Task requirements -
The full listing is to be transcribed exactly, with each picture left out.

Supplied data -
==========
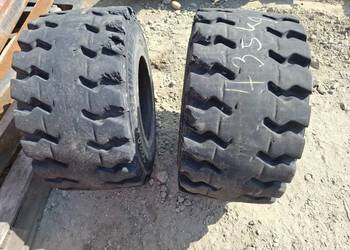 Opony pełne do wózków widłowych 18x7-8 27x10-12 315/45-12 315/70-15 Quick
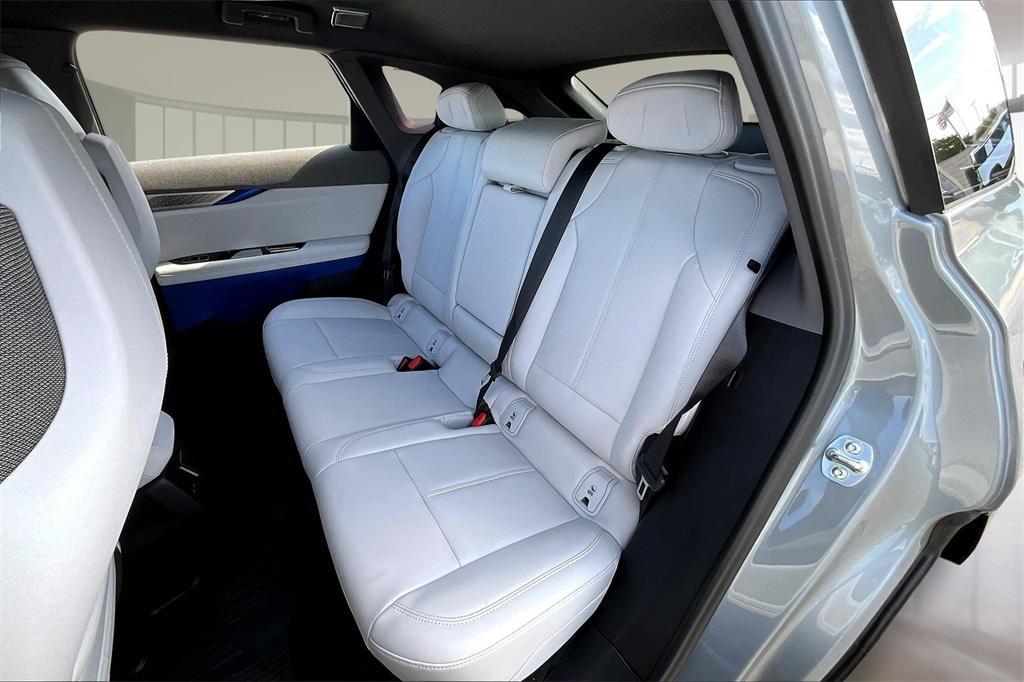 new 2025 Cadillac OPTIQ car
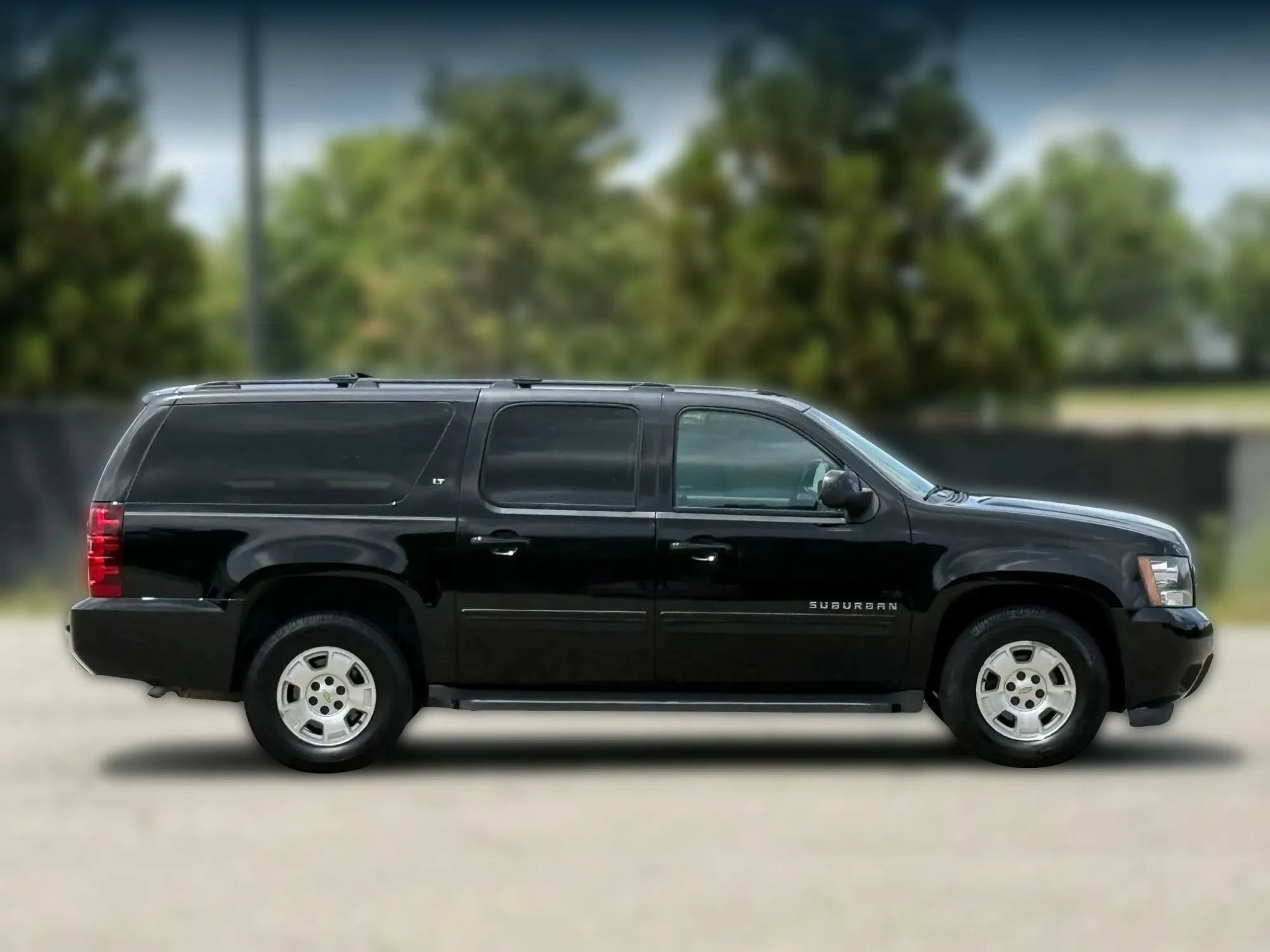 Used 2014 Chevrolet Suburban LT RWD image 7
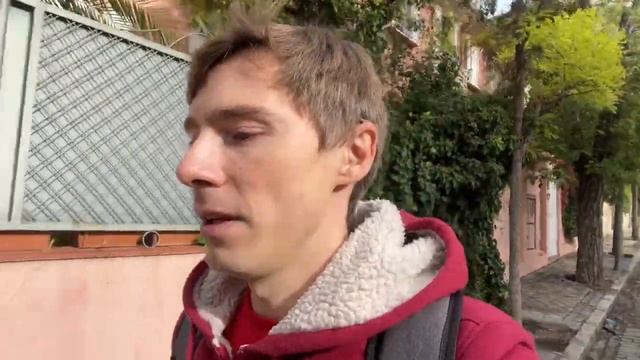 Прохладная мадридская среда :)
==========
Response -
 Opony pełne do wózków widłowych 18x7-8 27x10-12 315/45-12 315/70-15 Quick
 new 2025 Cadillac OPTIQ car
 Used 2014 Chevrolet Suburban LT RWD image 7
 Прохладная мадридская среда :)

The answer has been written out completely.